Readings: Jeremiah 7:23-28; Psalm 94; Luke 11:14-23
The best known 'finger of God' is the one painted by Michelangelo on the ceiling of the Sistine Chapel. Across the gap between the tip of God's finger and the tip of Adam's finger the mysterious energy of creation is transmitted. The phrase has also become part of the hymn Veni, Creator Spiritus as a title for the Holy Spirit who is dextrae Dei digitus, the finger of God's right hand.
The image is not used very often in the Bible but whenever it is, it is in relation to the most significant things. In the Book of Exodus, the magicians of Pharaoh describe the power working through Aaron as the finger of God (Exodus 8:19). The law or wisdom of God was inscribed by the finger of God on the tablets of stone given to Moses (Exodus 31:18). Psalm 8 celebrates God's power as Creator: 'when I see the heavens, the work of your fingers'.

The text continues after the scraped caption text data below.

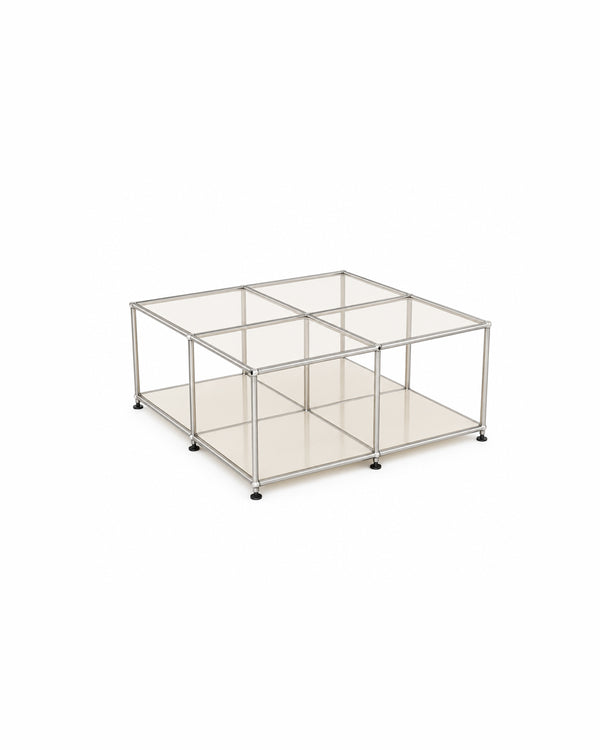 Modular Glass Stainless Steel Cube Coffee Table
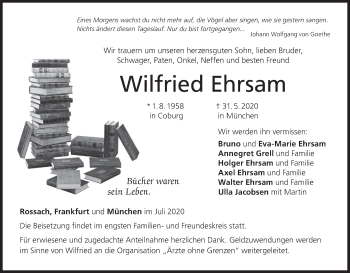 Anzeige von Wilfried Ehrsam von MGO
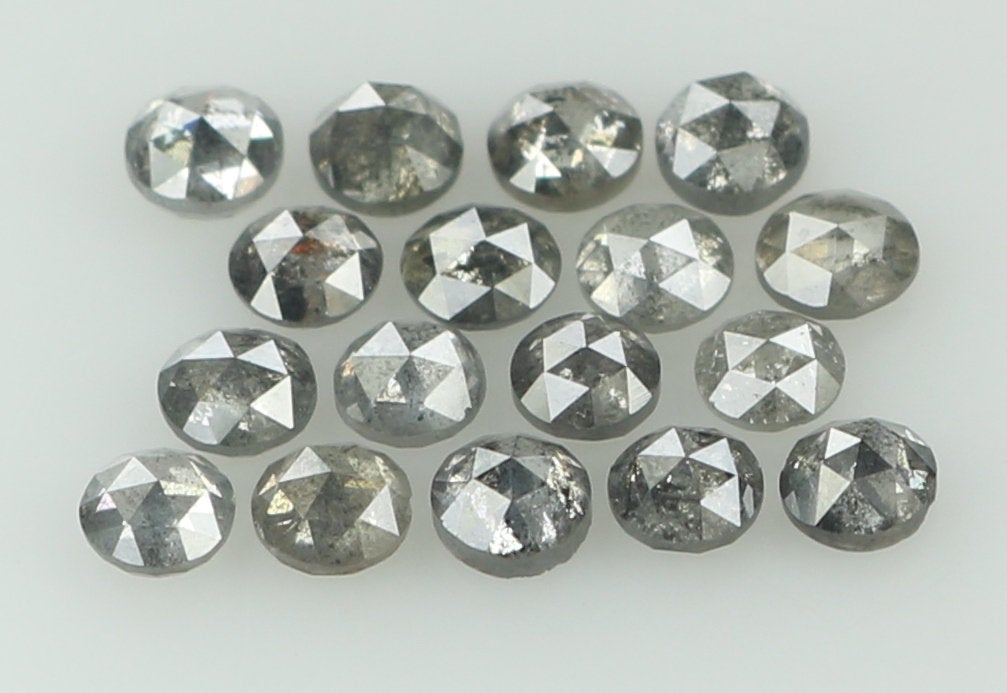 1.09 Ct Natural Loose Round Rose Cut Diamond Salt And Pepper Diamond 2.30 MM Natural Loose Black Grey Color Diamond Round Cut Diamond QK1430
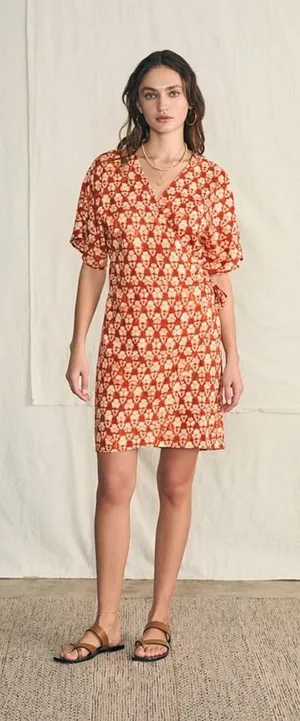 FAHERTY Willow Wrap Dress‎ Spiced Shibori Print Size S Linen Viscose Blend thumbnail 1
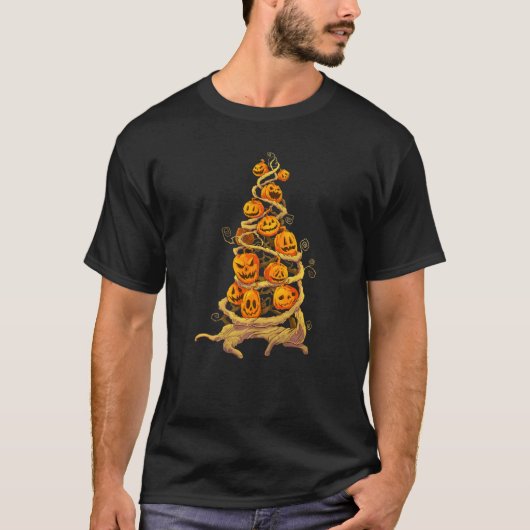 Kürbisbaumfleck Jackolantern Herbst Herbst Hallow T-Shirt (Vorderseite)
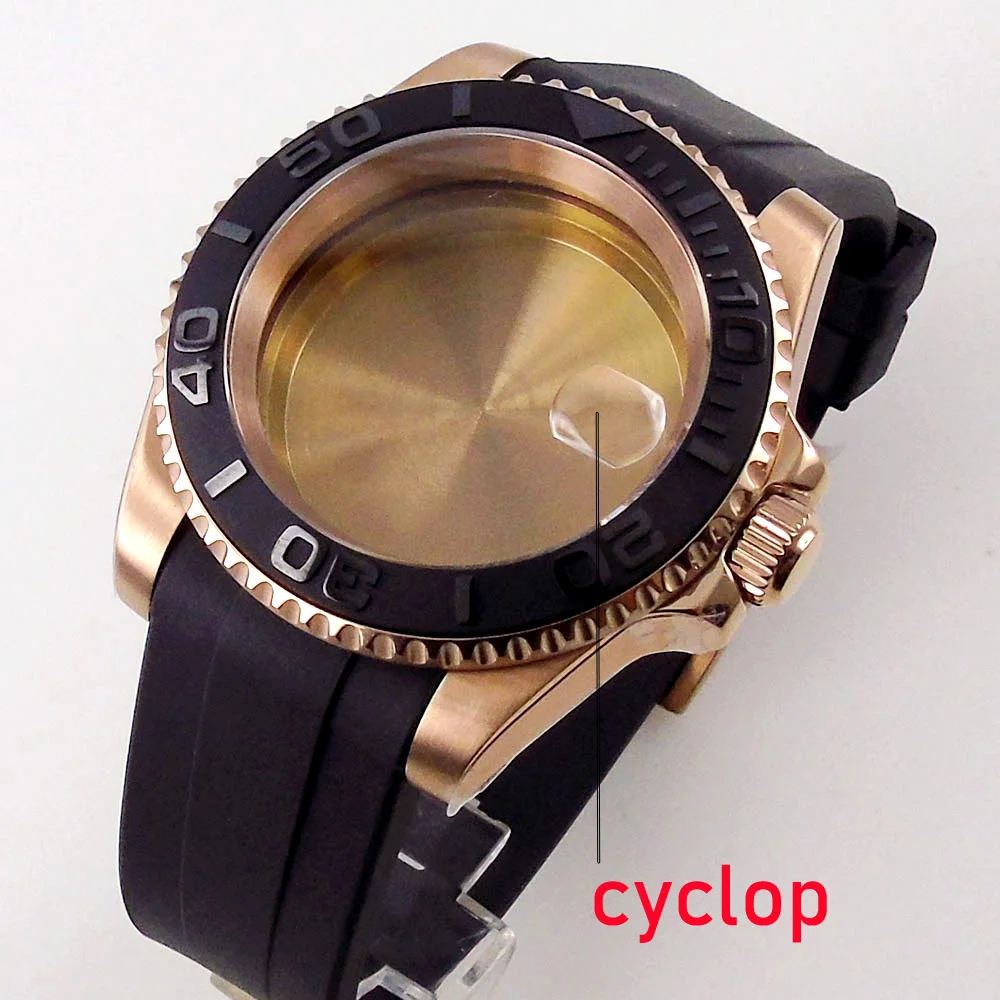 fit NH35 NH36 NH34 10bar 120clicks Bezel 40mm SUB Rose Gold Watch Case Curved End Band image 3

So in creation, in the giving of the Law, in mysterious events, in the casting out of demons, the 'finger of God' means the power of God is at work.
There are two other references, less clear but each of them intriguing. At Belshazzar's feast, as recounted in Daniel 5, the writing on the wall is done by the fingers of a human hand. But it is another divine intervention, a revelation of God's providence for the people concerned. In John 8 Jesus wrote on the ground with his finger in the presence of the woman taken in adultery. Nobody knows what he wrote or what the gesture meant but presumably something to do with God's providence in relation to the woman and to her accusers.
So an ordinary thing, the finger, applied to God as an image, is used rarely in the Scriptures but always in contexts of great significance: creation, revelation, covenant, providence. As a result it finds its way into one of the great hymns of the liturgy and onto the ceiling of Christianity's most famous chapel.